FRESNO, Calif. (KFSN) -- California is moving forward in the process to guarantee legal abortions, regardless of a looming Supreme Court decision that could overturn Roe v. Wade.

An initial draft opinion leaked last month implying that the decision of abortion rights would return to the states. Governor Gavin Newsom has guaranteed Californians that access to abortions will remain legal in California.

This week, SCA 10 was introduced in the California Senate. If the bill passes, the right to abortion would be up to voters on the November 2022 ballot.

If approved by voters, the California Constitution would be amended to protect, "an individual's reproductive freedom in their most intimate decisions, which includes their fundamental right to choose to have an abortion."

"I think it's very important for states like CA to get the jump on it now. There's no time to wait," said Loralee Bergfall, an organizer with Women's March Fresno.

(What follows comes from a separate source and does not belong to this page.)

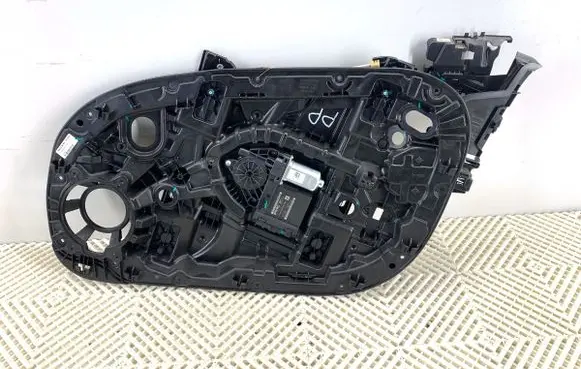 Volvo S90, V90 Front door window regulator with motor 31674757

She says she's relieved to see California get ahead of the Supreme Court decision. Aside from concerns about abortion, she's worried overturning Roe v. Wade could call into question certain contraceptives and IVF.

"We are very aware that this is so much bigger than abortion and it's so much bigger than what's going on in our backyard," said Bergfall. "While one of us is not free, all of us are not free."

Bishop Joseph Brennan, head of the Catholic Diocese of Fresno, released a video message to parishioners last week saying that this U.S. Supreme Court opinion would save lives in other states but make matters worse in California.

"There's going to be change, alright. There is going to be more abortion," said Bishop Brennan. "The governor of California, the good Catholic that he is, claims to be, says that California will become a sanctuary state."

Jonathan Keller is president of California Family Council. He plans on attending hearings for the bill in Sacramento next week in hopes of convincing lawmakers the legislation needs to be more specific.

"Sadly, this constitutional amendment is so vague. It's so broad," said Keller. "It would essentially prohibit any common sense regulations or safety protocols to protect mothers and their unborn children."

California has a super majority in the legislature. This bill would not need Republican support to get onto the ballot this November.